1\. Scientists ruin their careers by repeatedly attempting to discredit
theories they cannot find the evidence to discredit (or proving claims they
cannot find proof to claim). If a truly compelling set of studies discrediting
global warming trends came out, you can be sure that _many_ publications would
be _eager_ to publish it. This is how science works, and how it has worked
historically. It's a surprisingly stable environment of meritocracy. Politics
intrude, as in any human endeavor, but we'll get to that in:

2\. Differences in opinion in the peer review process are as old as science.
That is why there are multiple publications and multiple standards for
entering into those publications. The whole notion of "scientific consensus"
is built around assumptions like schisms such as this. If everyone agreed
about the exact criterion for publication we'd only have a few (perhaps
regional) scientific publications (and then we'd truly be in trouble).

3\. Science is about _consensus_ , but that implicitly accepts dissent. People
argue for awhile, a consensus is formed, and then things blow over. Seldom are
careers ruined.
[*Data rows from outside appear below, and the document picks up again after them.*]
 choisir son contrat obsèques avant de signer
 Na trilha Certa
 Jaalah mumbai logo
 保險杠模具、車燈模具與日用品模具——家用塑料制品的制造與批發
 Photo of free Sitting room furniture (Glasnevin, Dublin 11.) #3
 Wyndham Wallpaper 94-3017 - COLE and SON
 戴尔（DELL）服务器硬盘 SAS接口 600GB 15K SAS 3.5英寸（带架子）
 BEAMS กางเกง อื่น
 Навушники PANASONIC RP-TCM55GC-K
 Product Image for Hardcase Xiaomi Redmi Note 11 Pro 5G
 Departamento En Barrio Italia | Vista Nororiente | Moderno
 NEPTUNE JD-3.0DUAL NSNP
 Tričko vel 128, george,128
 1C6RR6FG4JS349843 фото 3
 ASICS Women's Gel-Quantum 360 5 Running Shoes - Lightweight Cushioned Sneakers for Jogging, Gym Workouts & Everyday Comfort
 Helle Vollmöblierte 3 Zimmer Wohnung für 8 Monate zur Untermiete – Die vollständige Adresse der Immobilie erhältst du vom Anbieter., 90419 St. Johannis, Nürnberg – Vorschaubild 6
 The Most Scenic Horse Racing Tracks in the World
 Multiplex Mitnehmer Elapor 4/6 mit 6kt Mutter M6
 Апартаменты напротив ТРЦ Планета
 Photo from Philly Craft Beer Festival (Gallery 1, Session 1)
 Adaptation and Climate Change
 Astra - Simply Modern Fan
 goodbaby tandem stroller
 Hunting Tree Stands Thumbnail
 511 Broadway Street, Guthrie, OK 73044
For an example, see Einstein's extremely controversial claims
that eventually became the next major stepping stone for physics. People
_violently_ opposed his propositions at first, and now we look at him is one
of the greatest minds in human history.

The difference here is that there are active sources of misinformation trying,
for whatever non-scientific reasons, to drum up controversy around the global
warming issue of anthropogenicity. This issue is still under active debate and
research, but unlike many other subjects in a similar status (e.g., quantum
physics) there are "deniers" who will not accept _any_ positive evidence
against their claim and will resort to any means, social or otherwise, to make
their point of view supreme.

Some might argue this is warranted because climate science is making
predictions that require us to radically restructure our industry and energy
infrastructures to the tune of massive sums of money. To be honest, I think
this complaint is shortsighted. Scientific predictions, even those in the
limbo state between "well-accepted" and "just a theory" that we are calling
"consensus", have always dictated the allocation of resources. Consider the
exorbitant cost of the LHC, which is one of the single greatest achievements
of human engineering and physics.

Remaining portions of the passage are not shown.